The MCA has steadily diluted its stance on related party transactions since mid-2014: It lowered the threshold to pass resolutions to 50 per cent from 75 per cent, and prevented only interested parties from voting, while allowing related parties to vote.
Sebi has not aligned itself to the new regulations — and rightfully so, the advisory said.
“Undeniably, having two sets of regulations makes it complex for companies to operate. Such complexity is unnecessary and an alignment of regulations is imperative — in the interest of minority shareholders, the Companies Act, 2013, needs to align itself to Sebi’s Clause 49 requirements for listed companies, and not the other way around,” the firm added.
The proposed changes would make the rules meaningless as minority shareholders would not be able to block unfair transactions, it explained. "Preventing interested parties from voting, yet allowing related parties to vote takes away all meaning. Most promoter shareholding is held through a series of promoter entities (companies, trusts, and partnerships) and is also spread across a catalogue of family members. With the amendment of the Companies Act, 2013, the family and promoter entities not directly involved in the transaction can vote on the transaction, since they are not interested parties. This cuts the powers of minority shareholders at the knees. Promoters will likely manipulate their holding structures (to suit the regulations) to get their way once again, and minority shareholders, despite their 'empowered status' under the new regulations, will be unable to block unfair transactions," IiAS said.

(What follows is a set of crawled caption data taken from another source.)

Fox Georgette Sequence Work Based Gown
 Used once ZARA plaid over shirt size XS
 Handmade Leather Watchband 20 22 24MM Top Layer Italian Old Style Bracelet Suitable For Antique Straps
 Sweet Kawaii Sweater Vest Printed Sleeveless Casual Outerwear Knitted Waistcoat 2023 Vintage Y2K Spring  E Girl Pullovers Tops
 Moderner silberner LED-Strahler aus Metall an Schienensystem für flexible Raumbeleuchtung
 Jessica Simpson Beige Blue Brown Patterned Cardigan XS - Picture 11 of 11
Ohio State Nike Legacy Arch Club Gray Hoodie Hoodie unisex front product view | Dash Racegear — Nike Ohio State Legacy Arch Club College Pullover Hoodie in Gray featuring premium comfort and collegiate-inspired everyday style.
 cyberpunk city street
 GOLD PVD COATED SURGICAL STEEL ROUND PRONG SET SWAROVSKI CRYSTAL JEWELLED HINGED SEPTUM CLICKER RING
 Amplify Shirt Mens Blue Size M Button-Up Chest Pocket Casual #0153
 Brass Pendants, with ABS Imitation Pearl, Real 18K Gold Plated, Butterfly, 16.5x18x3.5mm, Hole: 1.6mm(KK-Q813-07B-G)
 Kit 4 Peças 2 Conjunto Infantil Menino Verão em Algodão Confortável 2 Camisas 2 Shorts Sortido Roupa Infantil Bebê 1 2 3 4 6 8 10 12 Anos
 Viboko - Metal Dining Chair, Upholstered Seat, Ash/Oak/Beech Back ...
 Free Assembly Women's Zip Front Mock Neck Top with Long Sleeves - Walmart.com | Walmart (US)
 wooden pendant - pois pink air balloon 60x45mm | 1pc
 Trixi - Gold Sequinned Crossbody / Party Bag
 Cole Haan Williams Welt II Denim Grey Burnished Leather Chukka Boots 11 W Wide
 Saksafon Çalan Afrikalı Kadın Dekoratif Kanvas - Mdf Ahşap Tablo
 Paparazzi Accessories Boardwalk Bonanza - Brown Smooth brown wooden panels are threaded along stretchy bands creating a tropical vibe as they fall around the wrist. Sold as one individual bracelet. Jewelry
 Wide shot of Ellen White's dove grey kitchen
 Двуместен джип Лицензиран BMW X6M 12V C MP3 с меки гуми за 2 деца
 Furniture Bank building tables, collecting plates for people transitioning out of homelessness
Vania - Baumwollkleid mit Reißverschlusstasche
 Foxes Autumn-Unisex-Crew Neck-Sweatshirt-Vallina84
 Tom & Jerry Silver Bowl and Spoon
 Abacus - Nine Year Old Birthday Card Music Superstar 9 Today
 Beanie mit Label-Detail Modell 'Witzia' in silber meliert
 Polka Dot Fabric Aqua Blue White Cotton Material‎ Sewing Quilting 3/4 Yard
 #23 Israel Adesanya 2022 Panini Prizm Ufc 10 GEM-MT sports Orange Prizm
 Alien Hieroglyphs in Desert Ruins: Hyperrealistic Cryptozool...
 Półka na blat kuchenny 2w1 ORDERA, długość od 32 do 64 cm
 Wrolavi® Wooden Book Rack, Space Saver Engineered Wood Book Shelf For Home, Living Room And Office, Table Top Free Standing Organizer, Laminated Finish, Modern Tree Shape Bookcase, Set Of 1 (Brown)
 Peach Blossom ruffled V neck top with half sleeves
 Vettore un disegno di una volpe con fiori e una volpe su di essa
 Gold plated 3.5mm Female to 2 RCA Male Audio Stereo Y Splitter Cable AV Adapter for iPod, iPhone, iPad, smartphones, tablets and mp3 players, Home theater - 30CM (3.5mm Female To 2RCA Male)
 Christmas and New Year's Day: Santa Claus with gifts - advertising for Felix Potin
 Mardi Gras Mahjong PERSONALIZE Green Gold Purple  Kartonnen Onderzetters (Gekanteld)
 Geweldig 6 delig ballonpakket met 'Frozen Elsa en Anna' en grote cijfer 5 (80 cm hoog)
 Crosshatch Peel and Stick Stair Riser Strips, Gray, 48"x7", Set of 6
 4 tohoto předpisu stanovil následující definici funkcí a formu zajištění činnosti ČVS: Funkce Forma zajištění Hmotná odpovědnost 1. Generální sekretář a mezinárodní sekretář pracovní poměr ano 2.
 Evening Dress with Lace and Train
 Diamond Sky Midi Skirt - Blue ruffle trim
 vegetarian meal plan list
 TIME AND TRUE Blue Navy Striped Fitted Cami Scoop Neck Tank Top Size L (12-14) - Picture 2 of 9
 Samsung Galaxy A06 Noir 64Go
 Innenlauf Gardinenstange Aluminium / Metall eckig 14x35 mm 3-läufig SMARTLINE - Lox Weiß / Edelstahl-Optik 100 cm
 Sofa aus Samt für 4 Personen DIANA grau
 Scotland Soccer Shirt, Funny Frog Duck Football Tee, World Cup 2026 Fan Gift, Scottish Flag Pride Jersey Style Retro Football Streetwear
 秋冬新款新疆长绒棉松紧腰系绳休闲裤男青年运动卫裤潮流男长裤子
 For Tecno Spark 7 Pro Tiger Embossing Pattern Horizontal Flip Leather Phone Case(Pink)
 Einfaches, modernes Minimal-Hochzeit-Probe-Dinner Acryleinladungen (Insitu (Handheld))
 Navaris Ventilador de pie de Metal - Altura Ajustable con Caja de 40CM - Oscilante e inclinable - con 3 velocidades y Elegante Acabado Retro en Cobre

This would be in addition to the ambiguity regarding which transactions will be brought to vote. The Companies Act, 2013, requires that transactions in the ordinary course of business and at arm's length do not require shareholder approval. But, how do companies define 'ordinary course of business'? The Act does not provide a definition or give a framework. Therefore, it is left open to companies and their boards to decide.
IiAS' research showed that only nine of the 30 S&P BSE Sensex companies had attempted to define 'ordinary course of business' in their policy regarding related-party transactions.
Sebi, to that extent, has a much simpler and clearer method of defining which transactions will come to shareholders for a vote — all those that account for over 10% of turnover.